While most interns were content with group “lunch and learn”, the 19-year-old marketing intern decided to shoot his shot and directly cold-emailed his division’s CEO for a private one-to-one conversation.

“I really wanted to learn from her,” Sung told Fortune. Every week, the entire cohort of interns would have weekly meet-and-greets with LA Clippers’ senior leadership team—and Sung made it his personal mission to corner every single one for a personal catch up before his internship was up. 

“I actually got in a little bit of trouble from HR,” he laughed. “But I knew I needed to talk to all of our C-suite before I left, because when else are you going to be just in that close of a proximity? It’s also hard to be more vulnerable and get really tailored advice otherwise.”

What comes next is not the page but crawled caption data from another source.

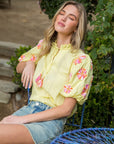 Fiona Pink Flower Embroidered Top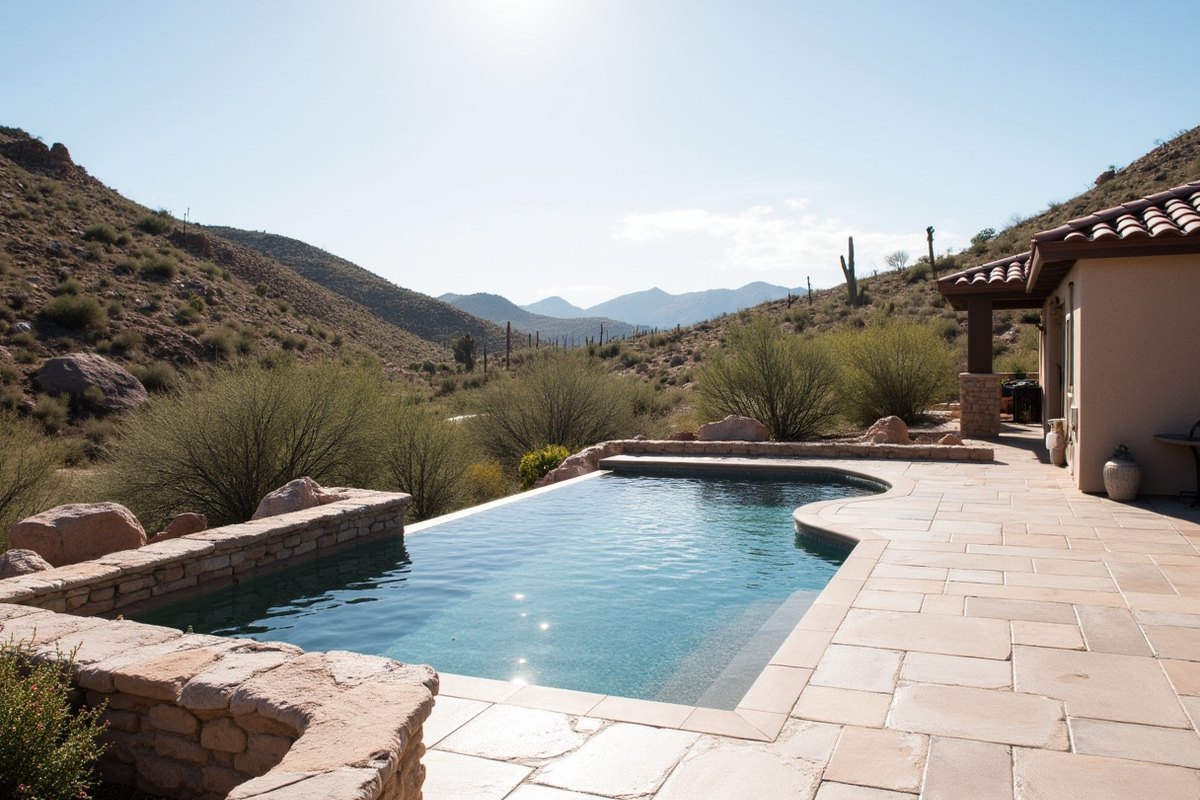 Pool on a terraced Fountain Hills hillside lot with saguaros, boulders and native desert around the yard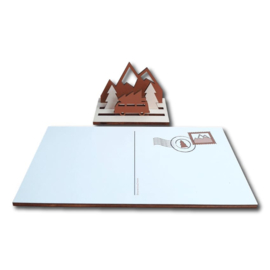 Kerstkaart hout 3D berglandschap en busje met voet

“I was very strategic, so that they could always see me passing them,” Sung said.

Anytime Gillian Zucker, Halo Sports and Entertainment CEO and president of business operations for the LA Clippers would walk on the same floor he was working on, he’d make sure to cross paths with her—just so that he could exchange a smile and maybe even niceties with the big boss. “I needed her to recognize me,” he added. That way she could put a face to a name, when he eventually plucked up the courage to shoot an email her way.

But it wasn’t easy. Zucker didn’t respond to his first email for over a month. So Sung doubled down on his efforts, sending a more urgent follow-up email and plastering LinkedIn with posts about his internship in a bid to get noticed.

“I emailed the secretary, saying I’m going to leave very soon, but I really need to talk to her.” 

Eventually, his persistence worked. Zucker’s chief of staff saw one of Sung’s LinkedIn posts titled Five Lessons I Learned in Five Weeks at the LA Clippers—a post that went viral on the platform and gained traction inside the office too. “That gave me a lot of positive attention, and really sparked the ears of a lot of the C suite executives,” Sung added. 

Soon after, her office reached out to schedule the one-on-one meeting.

Gillian Zucker’s advice for the Gen Zer

The night before sitting down with Zucker, Sung stayed up until 2 a.m. researching and then rehearsing the perfect questions to ask. But when the meeting came, nerves gave way to honesty. 

“I told her to be honest, I don’t think I really know what I want to do in life yet. I’m still 18. (I was 18 at the time) and I have so many interests,” he recalled. “I love sports, I love consulting, I love marketing, but I don’t know where all ties in. What do you think is something that I can do to really find out what I want to do?”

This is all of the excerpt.